Your instructions ▸
Pictures excluded, retype the lines from the one containing "Woman in casual clothing dancing freely." through the last line of the data below, both included.

*** Opening Exercise data ***

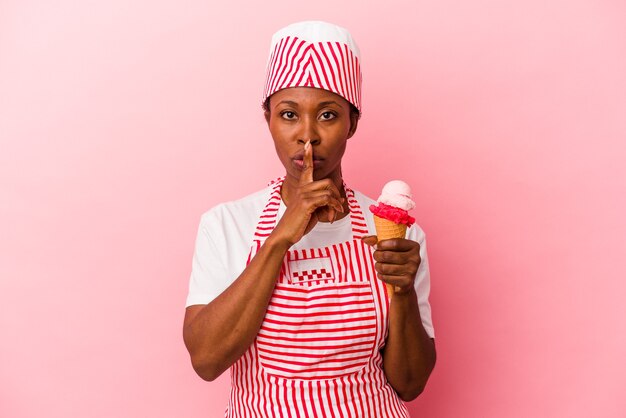 Giovane donna afroamericana del gelatiere che tiene il gelato isolato su sfondo rosa mantenendo un segreto o chiedendo silenzio.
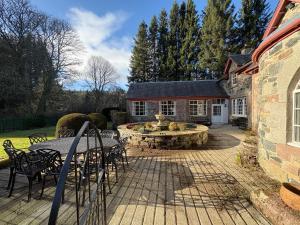 a patio with a fountain in front of a house at Bleaton Hallet House Riverside Escape in Kingseat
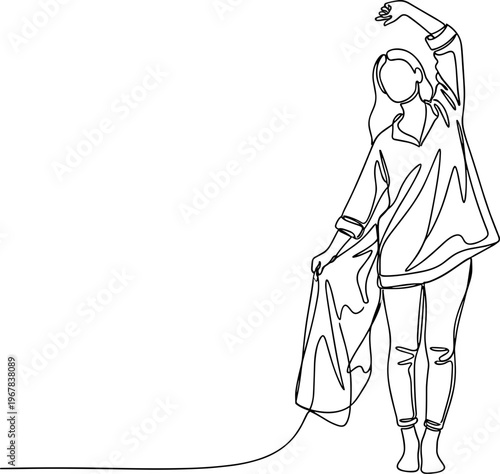 Woman in casual clothing dancing freely.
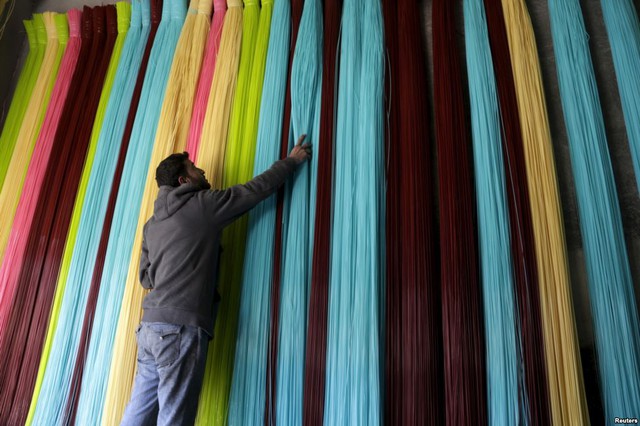 Người đàn ông chỉnh những sợi nhựa được sử dụng để sản xuất thảm tại một nhà máy do quân nổi dậy kiểm soát ở thị trấn Maarshureen, Syria.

*** Closing Exercise data ***

Completed task ▸
 Woman in casual clothing dancing freely.
 Người đàn ông chỉnh những sợi nhựa được sử dụng để sản xuất thảm tại một nhà máy do quân nổi dậy kiểm soát ở thị trấn Maarshureen, Syria.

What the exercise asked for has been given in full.